The agenda of the user-experience designer is different. Someone tasked with managing usability needs to make sure the person engaging with their interface can quickly and easily navigate the system, accomplish their tasks and find their way to the next logical place. This has much to do with leveraging existing paradigms and conventions as appropriate. So where the creative person sees ‘different’ as an advantage. The UX designer sees it as a potential barrier to usability.
Much of the interface design work that goes into websites and apps falls on the shoulders of people who are classified as ‘creatives’. While a digitally native designer might snap to the needs of usability quicker, there is still an overwhelming urge among most creative people to substitute in the ‘new and different’ whenever possible. That could be in anything from the placement of navigation to the use of icons instead of words.

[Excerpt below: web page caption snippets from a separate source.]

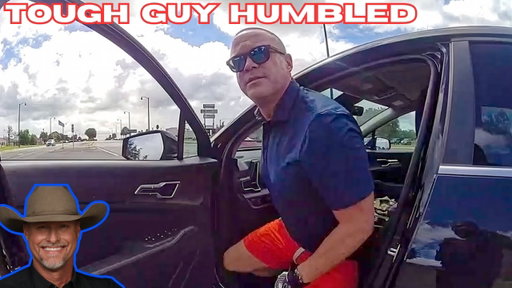 Wannabe Tough Guy Meets No Nonsense Cops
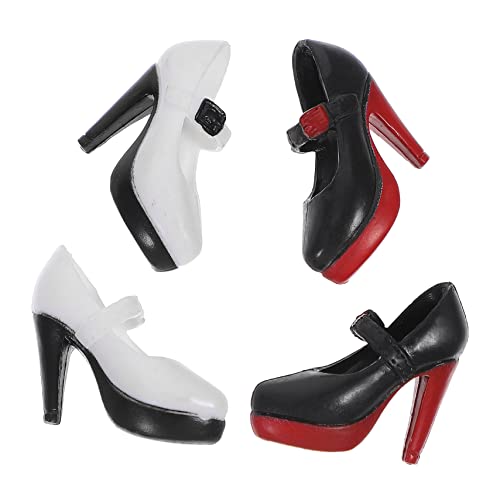 JUMPLAWN 2 Miniatur High Heels Puppenschuhe für Puppen Schwarz Rot und Hochwertiges Puppenzubehör für Kreatives und Fotografie JUMPLAWN 2 Miniatur High Heels Puppenschuhe für Puppen Schwarz Rot und Hochwertiges Puppenzubehör für Kreatives und Fotografie von JUMPLAWN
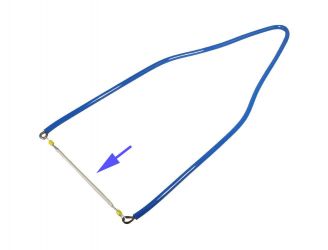 Ersatzseil für Ärmelspanner, Edelstahl 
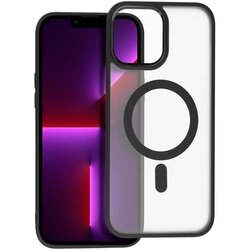 Matte Mag Cover ovitek, združljiv z MagSafe za iPhone 13 Pro Max črn Cene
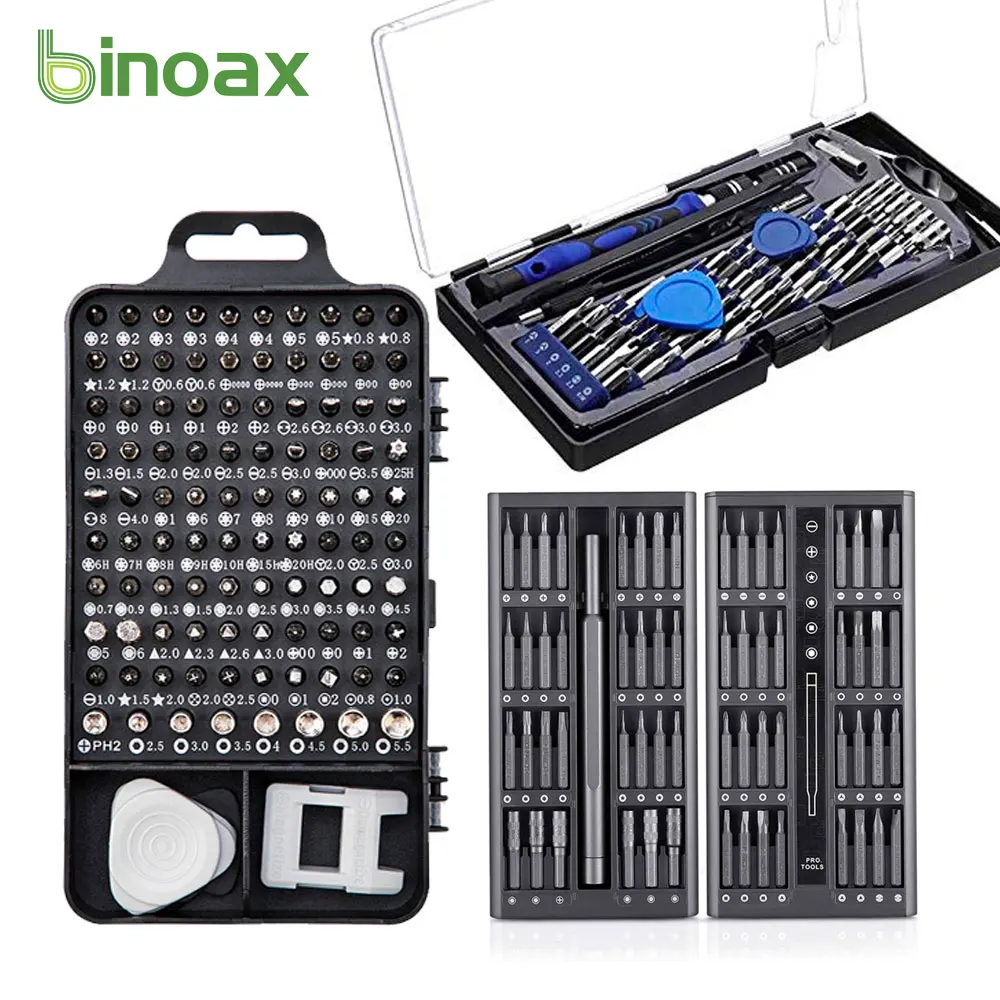 

Binoax 24-63 in 1 Precision Magnetic Screwdriver Bit Set Electronics Repair Kit for iPhone Macbook Camera Watch Glasses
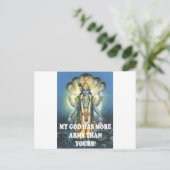 mein Gott Postkarte (Stehend Vorderseite)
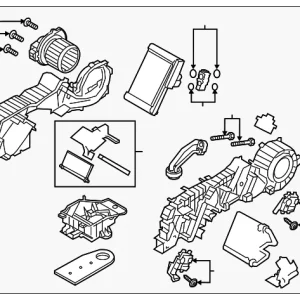 AC & Heater Assembly - Mazda (TK48-61-87XC)
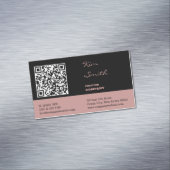 QR-code voor professionele pieklijst Magnetisch Visitekaartje (Voorbeeld)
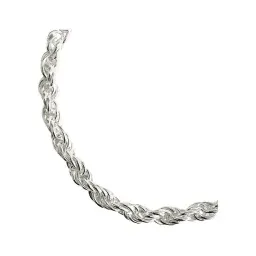 Pulsera Plata .925 Torzal Gruesa para Hombre 23cm Estilo Moderno - Imagen 2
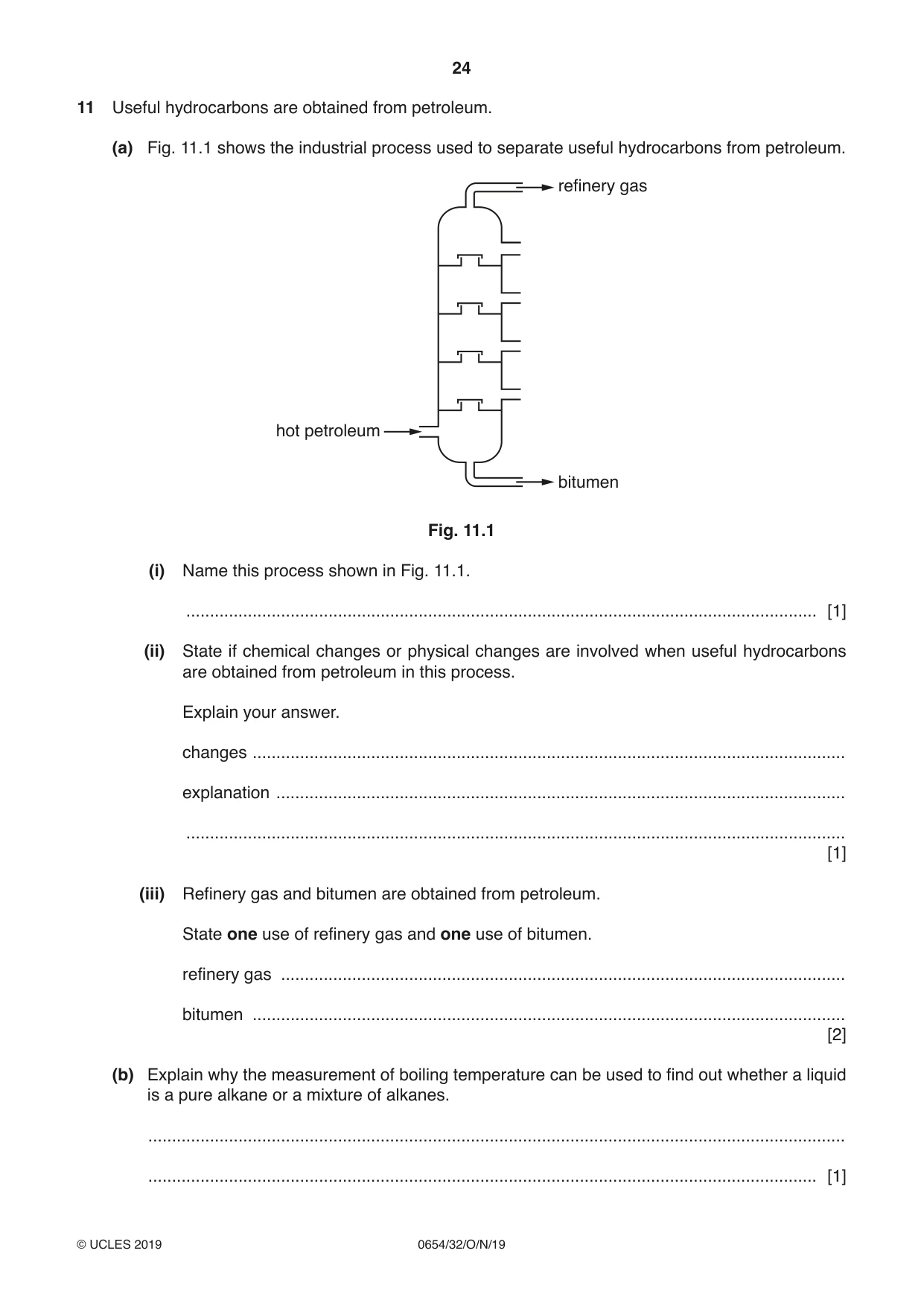 Cambridge IGCSE Sciences - Co-ordinated (Double) 0654 2019 Oct/Nov Paper 3 · Variant 2 question paper, page 24 of 32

I recently stumbled upon a useful analogy for helping creative people understand where and how creativity and usability should meet and merge. I thought I would share it with you as you might find it helpful too.
My analogy is the automobile. There is all sorts of creativity in automobile design. From aesthetics, to the placement of cup holders, to the shape and position of taillights. However, every car manufactured has some common elements. A steering wheel on the left side is one (for cars in the U.S.). the gas pedal on the right and brake on the left, is another. The shape of those pedals (vertical vs. horizontal orientation) is yet another.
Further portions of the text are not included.